Late Night Musings: The Morning After

When you’re obsessed with politics and current events and activism, you run the risk of becoming a shrill, histrionic, schadenfreud-ish, diatribic crank, and I think what saves me from becoming more insufferable than I am ordinarily is that I regularly have the fascinating conversations with people that restore my calm.

A writer friend of mine wrote this prose-poem piece drawing comparisons between the hazing at the Glennbrook North High School and the larger themes of war, dominance, sexism, and isolation. He’s an activist and a very gifted writer, but for some time he’d been struggling with putting his rather abstract fury at the war into a concrete piece of writing. The images he had were too small. In the details of the hazing he saw everything that is wrong in the world right now: the false idea in the world that through violence and the endurance of violence comes legitimacy and control, the exclusion of women and their need to create their own context of struggle and triumph, the glorification of the worst.

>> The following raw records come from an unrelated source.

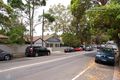 Property photo of 95 Belmont Road Mosman NSW 2088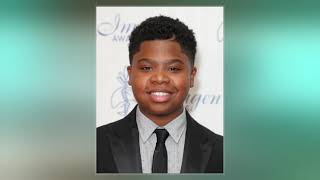 Benjamin Flores Jr.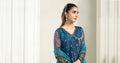Maira B | Ready to Wear | SF-EF22-43R1 - House Of Hania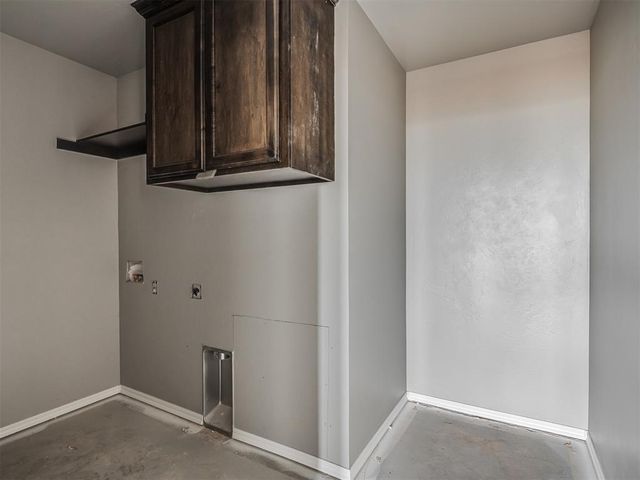 24953 Belmont Pass, Cashion, OK 73016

One thing that we realized in our talk was that while images of the war were censored and sanitized, the video of the hazing was shown and re-shown everywhere. It’s a paradox in this country that we have such fetish for reality TV and while we watch “Cops” and “Worst-case Scenario” and “Girls Gone Wild” we can’t bring ourselves to watch the reality of war. Reality is only fun if it’s a freak show.

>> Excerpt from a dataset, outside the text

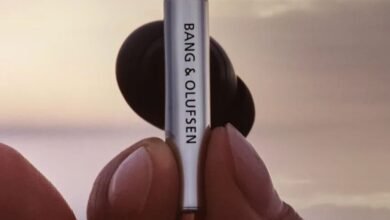 Los airPods de Apple obtienen otro nuevo rival y el precio definitivamente te sorprenderá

Are we hypocrites when we denounce hazing without examining how we legitimize violence? People talk very earnestly about violence in movies, music, video games, and on television but they fail to recognize how complicit we are in the idea of violence. Stories of struggle and triumph are stiff with it. It’s the war hero syndrome. In every way we send out the message a life of violence is more real than an ordinary life. Isn’t that the point of hazing, not merely to create a bond, but a bond based on having survived something horrible? Even those who don’t participate are complicit because we accept that this is the way things are.

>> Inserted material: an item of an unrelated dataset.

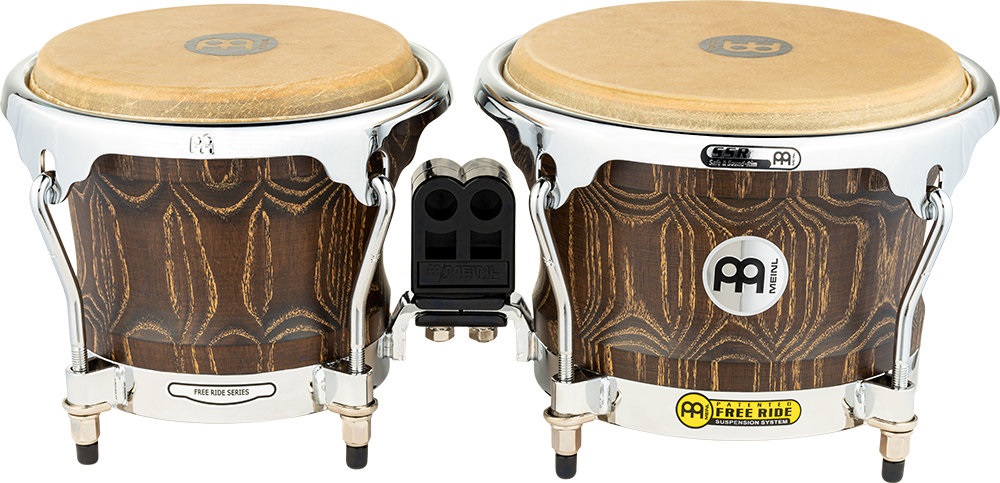 Meinl WB400VBR-M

This true of most cultures not just ours. And it’s an idea that’s been around forever. But pacifism is nearly as old if not older. It’s not realistic to seek to eradicate violence in the world. Aggressive tendency is more complicated than that, and there are always going to be people who revel in it. But I think that to glorify can be changed. I think that reducing state sanctioned violence can go a long way—not the distance—but a long way, towards making war less of a viable option. More importantly I think, people won’t seek legitimacy through ultimately pointless and tragic acts, and people not inclined to violence will feel more included.

This is just me working through some thoughts swimming around in my head. I have no real epiphany or solution. I’m just sick and tired of this culture of death and martyrdom that seems to pervade everything that’s going on right now.

UPDATE: I can't post the piece because it's still in the draft stages and I don't yet have permission.